On your days off, where does all that excess cals go though?


----------



## Craigyboy (Feb 9, 2012)

sean9461 said:


> On your days off, where does all that excess cals go though?


It's your days off and when you sleep you grow that's when your body will use up the excess to repair, restore and build

You should only be training 3 days a weeks on stronglifts as you will be squatting every workout, stick to this or you will be in danger of stalling or burning out very quickly


----------



## Ninja_smurf (Jun 4, 2012)

sean9461 said:


> On your *days off*, where does all that excess cals go though?


What are these? lol

This is a training day. Non training days i cut one gainer shake. My job is quite physical and my libido is through the roof so I'm pretty active all the time anyway!


----------



## sean9461 (Aug 1, 2012)

Craigyboy said:


> It's your days off and when you sleep you grow that's when your body will use up the excess to repair, restore and build
> 
> You should only be training 3 days a weeks on stronglifts as you will be squatting every workout, stick to this or you will be in danger of stalling or burning out very quickly


Yeah i understud why to only workout 3 days. Was worried about where all the excess goes when you dont work out. But you just cleared that up thanks


----------



## sean9461 (Aug 1, 2012)

Well, i will try and follow the diet i posted above, and also whenever i can ill just eat anything i can find to build up the cals.
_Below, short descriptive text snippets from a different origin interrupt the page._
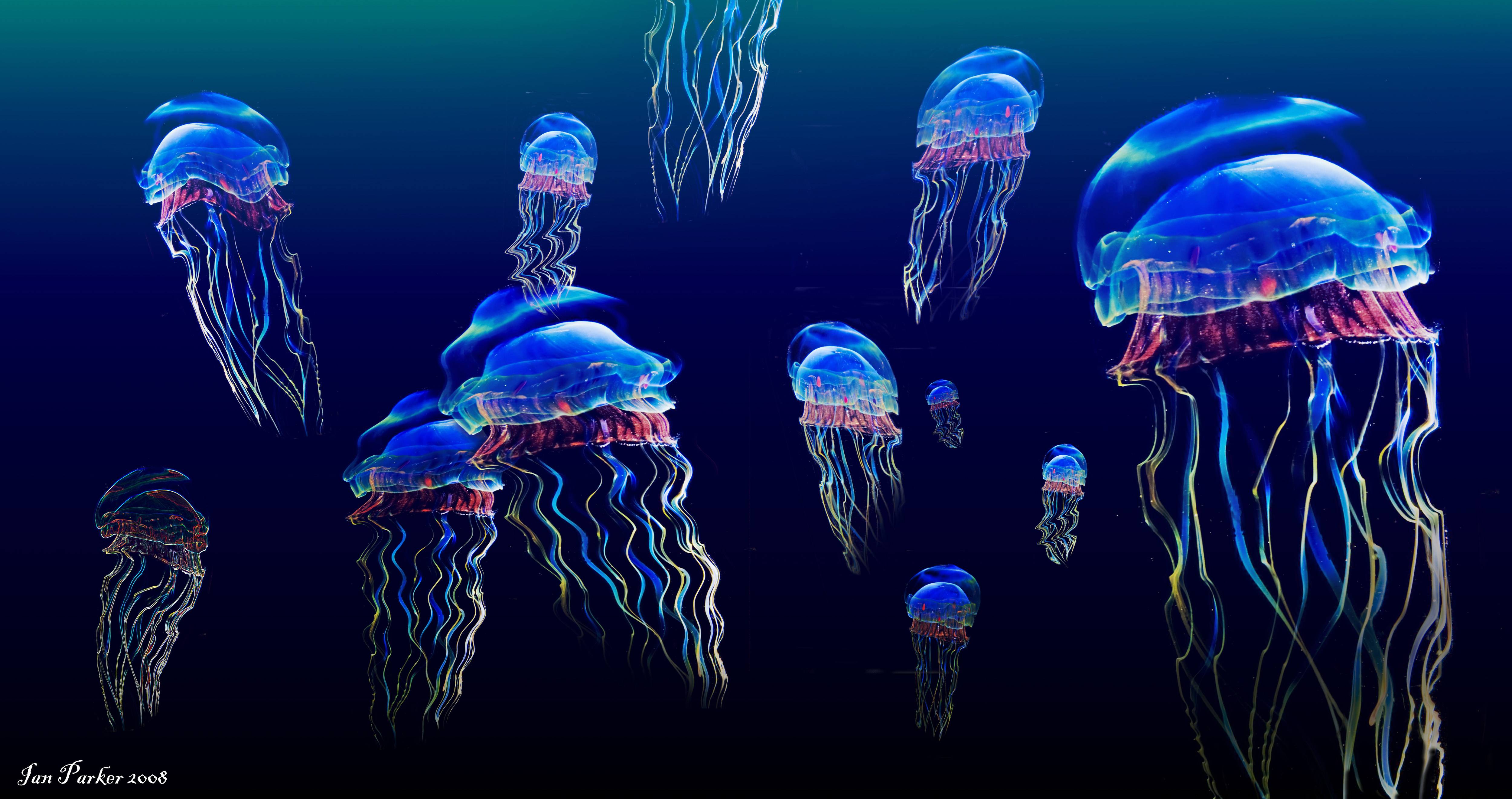 Wallpaper For > Glowing Jellyfish Wallpaper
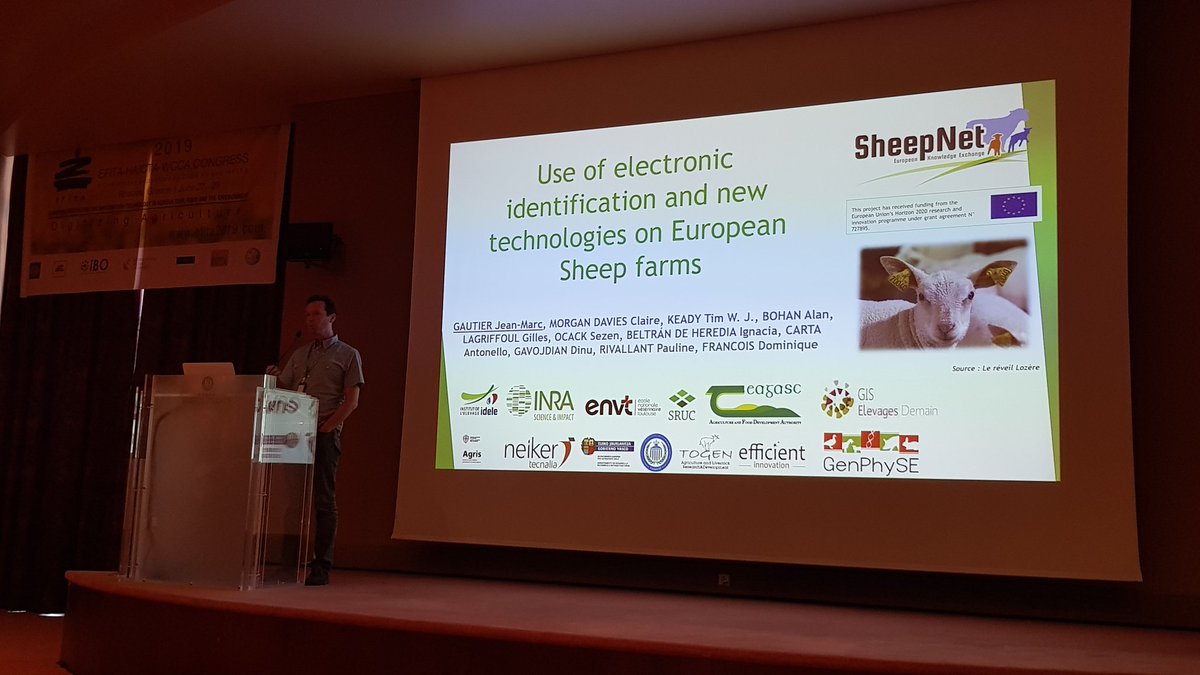 ageekculture's tweet image. @GautierIdele from @InstitutElevage presentation at #efita2019. Project #sheepnet : the use of electronic identification  and #Agtech on European sheep farms.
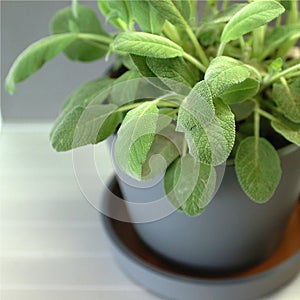Sage plant in a pot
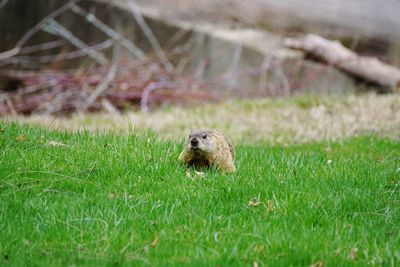 Close-up of snake on field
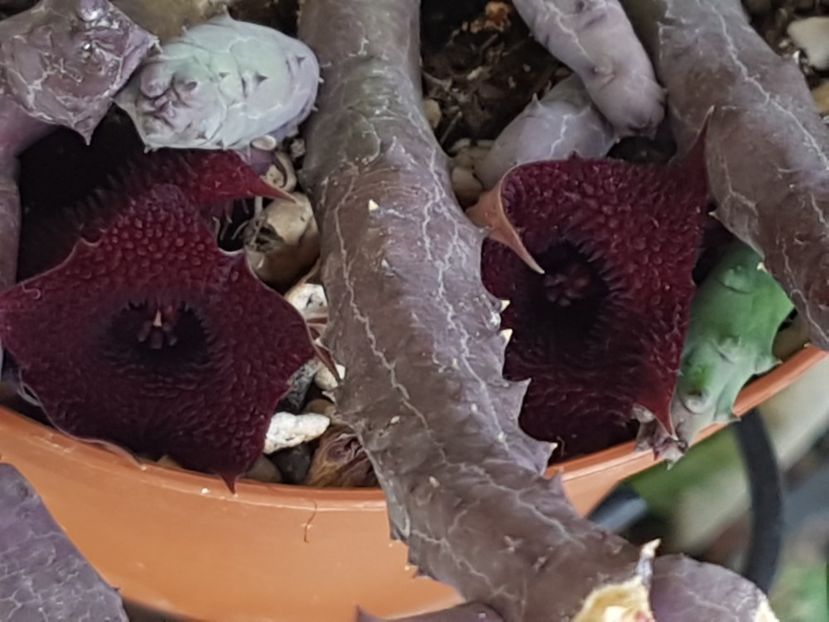 Huernia pendula-infloreste aproape non-stop. - Stapeliade 2018-2021-2022-2024-2025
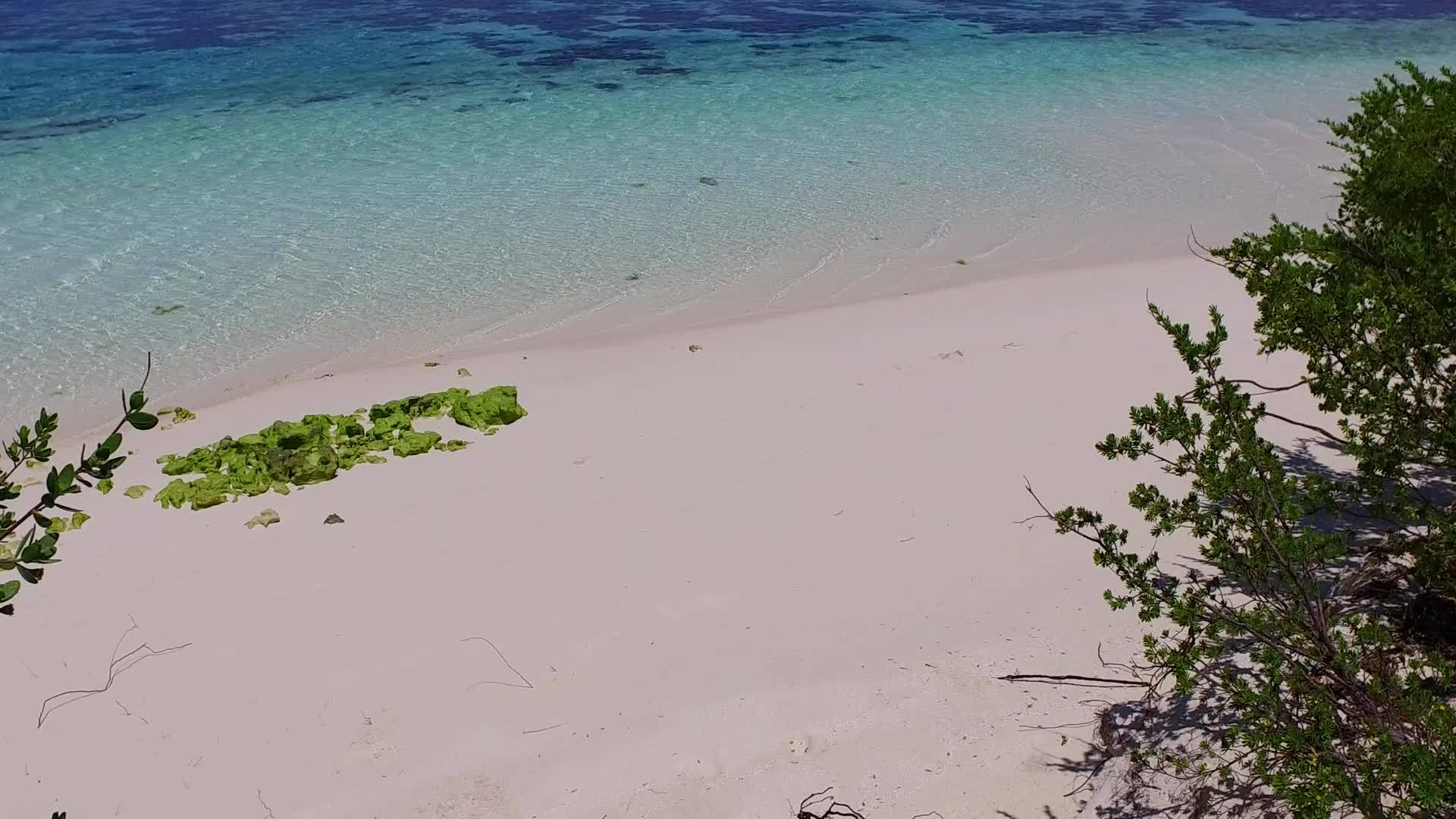 热带海岸海滩被蓝色海洋打破棕榈树附近的浅沙背景明亮视频的预览图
I have loads of noodles that are apparently decent according to the details on the packaging but has got a bit of salt and fat in it. if it had less fat it may be an easy meal to boost cals!


----------



## Craigyboy (Feb 9, 2012)

We also need pics of your bird naked or you have to fvck off to bodybuilding.com :whistling:


----------



## Ninja_smurf (Jun 4, 2012)

Craigyboy said:


> We also need pics of your bird naked or you have to fvck off to bodybuilding.com :whistling:


You were doin so well up untill this point too :lol:


----------



## sean9461 (Aug 1, 2012)

Ninja_smurf said:


> You were doin so well up untill this point too :lol:




I'm too busy with work at the moment thats the only bird i can give you hahaha 

Also have no spare cash to go out as i spend almost 60% of my wage on my car, 30% on my mortage, and 5% on petrol haha the rest on my food for this diet!


----------



## Ninja_smurf (Jun 4, 2012)

sean9461 said:


> View attachment 90637
> 
> 
> I'm too busy with work at the moment thats the only bird i can give you hahaha
> ...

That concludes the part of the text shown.